It will also take time for Republicans to come to terms with why they lost the election. Putting up loony candidates who say daft things about God and rape, thereby costing the party regained control of the Senate, is a simple lesson to absorb and, now that the Tea Party element has been weakened, easier to implement. But it will be much harder to do something about the fact that there are not enough older white males to win national elections anymore, especially when all the other demographic components of the Obama victory were so thoroughly turned off by Republican rhetoric and threats.

Mitt Romney, from his bubble of wealth and even richer donors, complained that he lost because the president showered “gifts” on his supporters, thus buying an election that his money also sought to. This showed he still believed, even in the reflection of defeat, what he told his fundraisers last spring: that 47 per cent of the country would never vote for him because they were dependent on government handouts. He may not count anymore but the same line is peddled by the polemicists of the right-wing media, like Rush Limbaugh, Bill O’Reilly and their ilk, who still matter. They talked of “free stuff” and “Barack O’Claus” and played “Feliz Navidad,” the Christmas song, on an endless loop. This group is, in effect, still in denial. This is to be expected, since they all thought they could not lose, not realising that this was no longer the 1950s, before the great Latino influx and when blacks knew their place, women worked in the home and gays were in the closet.

Another strain, most vocally represented by Bobby Jindal, the Indian-American Republican governor of Louisiana, had no truck with this line and argued the party had to get off its reflexive anti-immigrant talk, such as Romney’s suggestion of self-deportation. Some Republican business leaders, needing the labour, would agree. Charles Krauthammer, the commentator who loathes the president with a disturbing passion, proposed, perhaps sarcastically, that all Republicans needed to do was to support amnesty for illegal immigrants and get Senator Marco Rubio, the Cuban-American from Florida, to propose it, thus burnishing his credentials for 2016. But these were tarnished by the fact that the Cuban vote in his state, once overwhelmingly Republican, split evenly this time, suggesting the senator cannot even rely on his own.

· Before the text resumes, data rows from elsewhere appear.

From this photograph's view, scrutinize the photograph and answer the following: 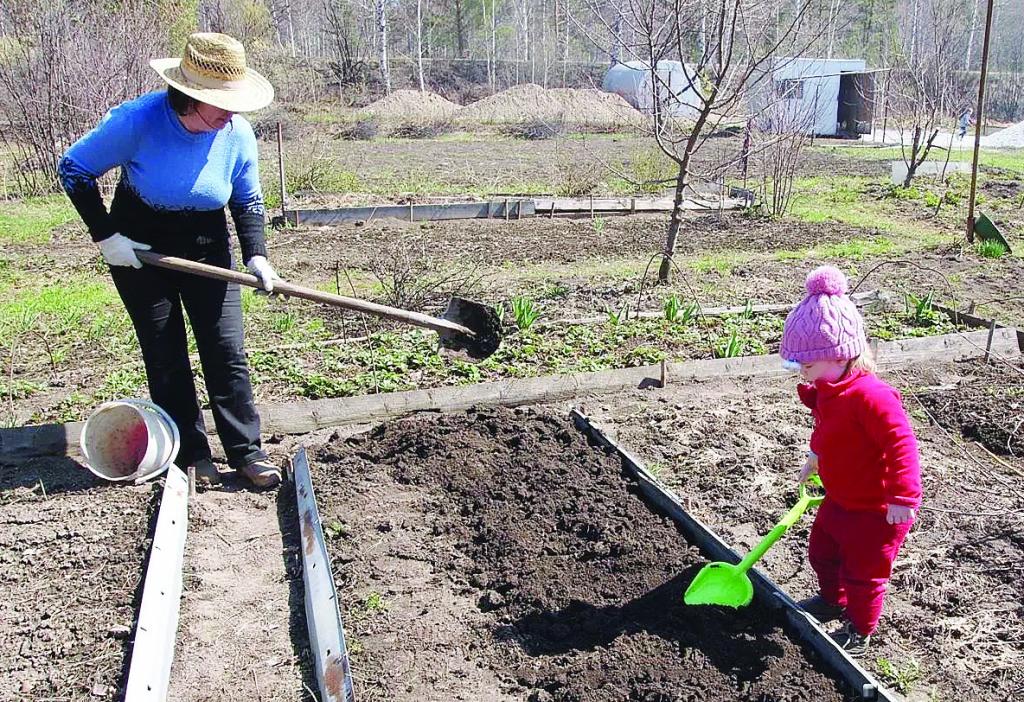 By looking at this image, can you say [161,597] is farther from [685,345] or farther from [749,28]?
[749,28]

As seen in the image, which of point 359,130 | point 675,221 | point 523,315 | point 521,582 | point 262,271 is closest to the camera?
point 521,582

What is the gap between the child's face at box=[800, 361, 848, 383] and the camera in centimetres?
308

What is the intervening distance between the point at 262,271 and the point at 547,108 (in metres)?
33.5

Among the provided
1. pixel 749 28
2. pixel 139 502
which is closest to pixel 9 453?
pixel 139 502

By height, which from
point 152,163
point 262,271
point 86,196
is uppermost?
point 152,163

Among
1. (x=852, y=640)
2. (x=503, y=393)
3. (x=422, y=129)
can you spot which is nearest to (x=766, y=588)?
(x=852, y=640)

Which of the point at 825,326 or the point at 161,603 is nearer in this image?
the point at 825,326

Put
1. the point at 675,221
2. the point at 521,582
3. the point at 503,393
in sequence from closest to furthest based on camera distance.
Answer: the point at 521,582 < the point at 503,393 < the point at 675,221

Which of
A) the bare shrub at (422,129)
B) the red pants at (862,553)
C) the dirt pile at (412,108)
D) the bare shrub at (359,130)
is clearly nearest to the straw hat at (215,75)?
the red pants at (862,553)

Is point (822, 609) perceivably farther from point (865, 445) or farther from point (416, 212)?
point (416, 212)

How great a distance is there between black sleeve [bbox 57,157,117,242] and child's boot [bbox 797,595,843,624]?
3377 mm

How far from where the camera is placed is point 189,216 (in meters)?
4.34

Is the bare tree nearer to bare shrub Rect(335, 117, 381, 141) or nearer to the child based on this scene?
the child

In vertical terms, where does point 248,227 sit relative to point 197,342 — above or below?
above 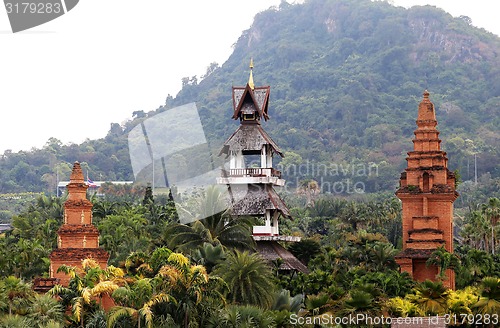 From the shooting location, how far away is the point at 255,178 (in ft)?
191

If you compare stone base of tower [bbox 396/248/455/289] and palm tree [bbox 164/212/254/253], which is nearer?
stone base of tower [bbox 396/248/455/289]

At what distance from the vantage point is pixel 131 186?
437 feet

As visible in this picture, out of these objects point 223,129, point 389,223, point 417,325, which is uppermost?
point 223,129

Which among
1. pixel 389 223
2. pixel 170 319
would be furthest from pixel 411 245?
pixel 389 223

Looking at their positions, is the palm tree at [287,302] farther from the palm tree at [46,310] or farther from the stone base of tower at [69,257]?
the palm tree at [46,310]

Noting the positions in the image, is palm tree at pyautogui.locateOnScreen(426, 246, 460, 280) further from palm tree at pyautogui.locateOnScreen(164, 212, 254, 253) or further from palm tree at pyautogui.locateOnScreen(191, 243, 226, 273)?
Answer: palm tree at pyautogui.locateOnScreen(191, 243, 226, 273)

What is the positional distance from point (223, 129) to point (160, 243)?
135 meters

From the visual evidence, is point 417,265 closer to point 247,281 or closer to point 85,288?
point 247,281

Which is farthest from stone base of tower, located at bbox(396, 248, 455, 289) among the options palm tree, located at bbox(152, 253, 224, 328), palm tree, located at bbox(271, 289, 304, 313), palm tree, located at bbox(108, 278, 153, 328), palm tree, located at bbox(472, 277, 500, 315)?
palm tree, located at bbox(108, 278, 153, 328)

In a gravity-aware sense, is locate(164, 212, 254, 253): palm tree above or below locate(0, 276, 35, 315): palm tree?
above

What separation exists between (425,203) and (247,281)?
43.0 ft

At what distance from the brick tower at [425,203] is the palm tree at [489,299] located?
9483mm

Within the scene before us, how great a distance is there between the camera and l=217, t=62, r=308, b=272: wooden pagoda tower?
188ft

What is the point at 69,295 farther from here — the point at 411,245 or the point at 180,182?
the point at 180,182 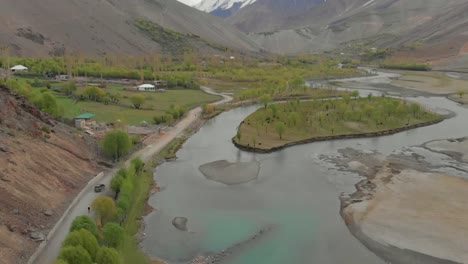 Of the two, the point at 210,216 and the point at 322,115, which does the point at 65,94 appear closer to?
the point at 322,115

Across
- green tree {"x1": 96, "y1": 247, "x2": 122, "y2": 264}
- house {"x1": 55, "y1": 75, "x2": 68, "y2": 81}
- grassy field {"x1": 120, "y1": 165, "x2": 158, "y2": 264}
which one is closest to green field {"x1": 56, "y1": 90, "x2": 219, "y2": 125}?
grassy field {"x1": 120, "y1": 165, "x2": 158, "y2": 264}

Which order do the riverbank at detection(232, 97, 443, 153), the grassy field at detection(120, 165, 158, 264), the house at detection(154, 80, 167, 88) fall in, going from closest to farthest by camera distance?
the grassy field at detection(120, 165, 158, 264)
the riverbank at detection(232, 97, 443, 153)
the house at detection(154, 80, 167, 88)

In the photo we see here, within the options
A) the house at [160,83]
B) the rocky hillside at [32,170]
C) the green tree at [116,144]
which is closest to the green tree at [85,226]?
the rocky hillside at [32,170]

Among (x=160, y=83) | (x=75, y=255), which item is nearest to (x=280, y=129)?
(x=75, y=255)

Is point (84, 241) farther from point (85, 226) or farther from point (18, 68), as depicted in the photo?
point (18, 68)

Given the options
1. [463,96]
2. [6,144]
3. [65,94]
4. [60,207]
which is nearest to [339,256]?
[60,207]

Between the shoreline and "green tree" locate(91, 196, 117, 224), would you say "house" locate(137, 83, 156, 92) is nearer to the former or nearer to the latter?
the shoreline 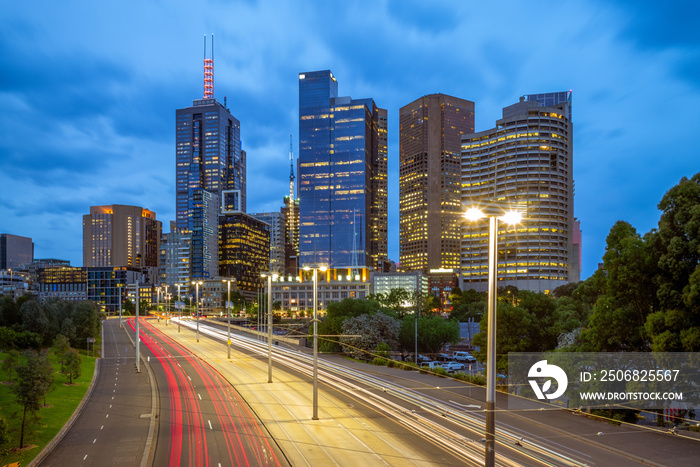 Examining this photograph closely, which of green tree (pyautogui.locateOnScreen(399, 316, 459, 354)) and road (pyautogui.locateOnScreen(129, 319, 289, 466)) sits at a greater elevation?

That field is now wide open. The next race will not include most of the clowns who lasted longest against Romney (Michele Bachmann, Herman Cain, Rick Perry, Newt Gingrich, though Rick Santorum might run) but there are several relative heavyweights who declined to enter last time and will now sniff around. Among them are the Latino-friendly former Florida governor Jeb Bush (of that family), the actual Latino governor Susana Martinez of New Mexico and a fistful of other past or present state chief executives: Mitch Daniels of Indiana, Jon Huntsman of Utah, Bob McDonnell of Virginia and Chris Christie of New Jersey, if Republicans ever forgive him for the cardinal sin of bear hugging President Obama in the wake of Hurricane Sandy. Paul Ryan, the defeated vice presidential candidate, is surely a contender. It is not the worst of potential candidate lists but it will not be enough merely to make nice to Latinos, other minorities, women, the young and gays. There will need to be a sea change in party attitudes towards a host of issues: immigration reform, same-sex marriage, birth control, climate change. There should be no more voter identification drives which, no matter how dressed up, were nakedly designed to divert minorities and the poor from the ballot box.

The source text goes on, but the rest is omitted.